Once you have backprop-trace installed and the Mazur fixture verifies (see Getting Started), the next move is verifying your own training trace.

There are three paths: the live PyTorch helper (recommended for PyTorch), the live JAX helper (v1.0.0, stronger trust boundary for JAX), and the hand-authored sidecar path (works for any framework).

Path A — Live PyTorch helper (recommended)

backprop-trace ships a single auditable Python file that extracts a framework-trace sidecar from a real PyTorch training step. No pip package by design — copy the file into your repo, read it, run it.

Step 1: Copy the helper

npx bp examples pytorch --print > pytorch_trace_helper.py

That’s the entire installation. The helper is ~700 lines of Python. Read it before running it — that’s a security feature, not a limitation. The first 100 lines are the trust-boundary statement: the helper is an observer, never a verifier; Rule 14 (engine-recompute differential) is the authority on every helper-emitted sidecar regardless of what the helper claims.

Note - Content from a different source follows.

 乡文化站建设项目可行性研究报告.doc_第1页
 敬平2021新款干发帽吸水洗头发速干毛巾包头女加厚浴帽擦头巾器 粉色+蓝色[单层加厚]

Step 2: Wrap your training loop

from pytorch_trace_helper import TraceDumper
import torch
import torch.nn as nn

model = nn.Sequential(
    nn.Linear(2, 2),
    nn.Sigmoid(),
    nn.Linear(2, 2),
    nn.Sigmoid(),
)
optimizer = torch.optim.SGD(model.parameters(), lr=0.5)
loss_fn = lambda out, target: 0.5 * ((out - target) ** 2).sum()

dumper = TraceDumper(
    model,
    optimizer,
    loss_fn,
    out="trace.jsonl",
    trace_id="run-001",                          # required for multi-step
    topology_loss="half_squared_error",          # or "cross_entropy_softmax"
)

for batch_idx, (x, y) in enumerate(loader):
    inputs = {"i1": float(x[0, 0]), "i2": float(x[0, 1])}
    targets = {"o1": float(y[0, 0]), "o2": float(y[0, 1])}
    with dumper.step(inputs=inputs, targets=targets):
        optimizer.zero_grad()
        loss = loss_fn(model(x), y)
        loss.backward()
        optimizer.step()

dumper.close()

The with dumper.step(...): block defines exactly one training step. The helper snapshots pre-state before yielding, lets your code run, snapshots post-state after, emits one JSONL record per step.

Step 3: Verify

npx bp import pytorch trace.jsonl | npx bp verify multi -
# exit 0 — clean
# exit 1 — Rule violation (named in stderr)
# exit 2 — I/O / extraction error

Or one-shot pipe-everything:

python my_train.py | npx bp import pytorch - | npx bp verify multi -

Helper scope

Feature	v1.0.0 status
PyTorch SGD	✅
PyTorch SGD with momentum (classical + Nesterov + dampening, with sign-flip)	✅
PyTorch Adam	✅
PyTorch AdamW (decoupled weight decay)	✅
PyTorch SGD with weight_decay > 0 (coupled L2)	✅ (v1.0.0 — Rule 7 third branch; decay folds into the gradient + momentum buffer)
Per-neuron biases (torch-validated end-to-end)	✅
Single-step + multi-step	✅
CPU device	✅
2-layer Mazur-shaped topologies + the 9-pixel→16-ReLU→4-class hero classifier	✅
half_squared_error + cross_entropy_softmax loss	✅
NAdam / RAdam	❌ rejected (roadmap: next)
AMSGrad / Lion / LBFGS / per-group LRs / gradient clipping	❌ rejected (later, each gated on a receipt/reconciler extension)
LR schedules	❌ rejected (roadmap: next, composes with all optimizers)
AMP / `torch.cuda.amp.autocast`	❌ rejected (PyTorch issue #75224)
CUDA / MPS / XLA	❌ rejected — GPU/fused-kernel bit-determinism is permanently out of scope (FP non-associativity, arXiv:2408.05148)
Multi-hidden-layer / CNN / transformer topologies	❌ rejected (the dense ReLU→softmax hero classifier is the shipped v1.0 fixture; conv stays out of the deterministic corner)
Batched live extraction	❌ helper extracts single samples (hand-authored batched sidecars work)
JAX live helper (SGD + Adam)	✅ (v1.0.0 — `scripts/extract/jax.py`; see Path A-JAX below)
TensorFlow live helper	⏸ deferred (later)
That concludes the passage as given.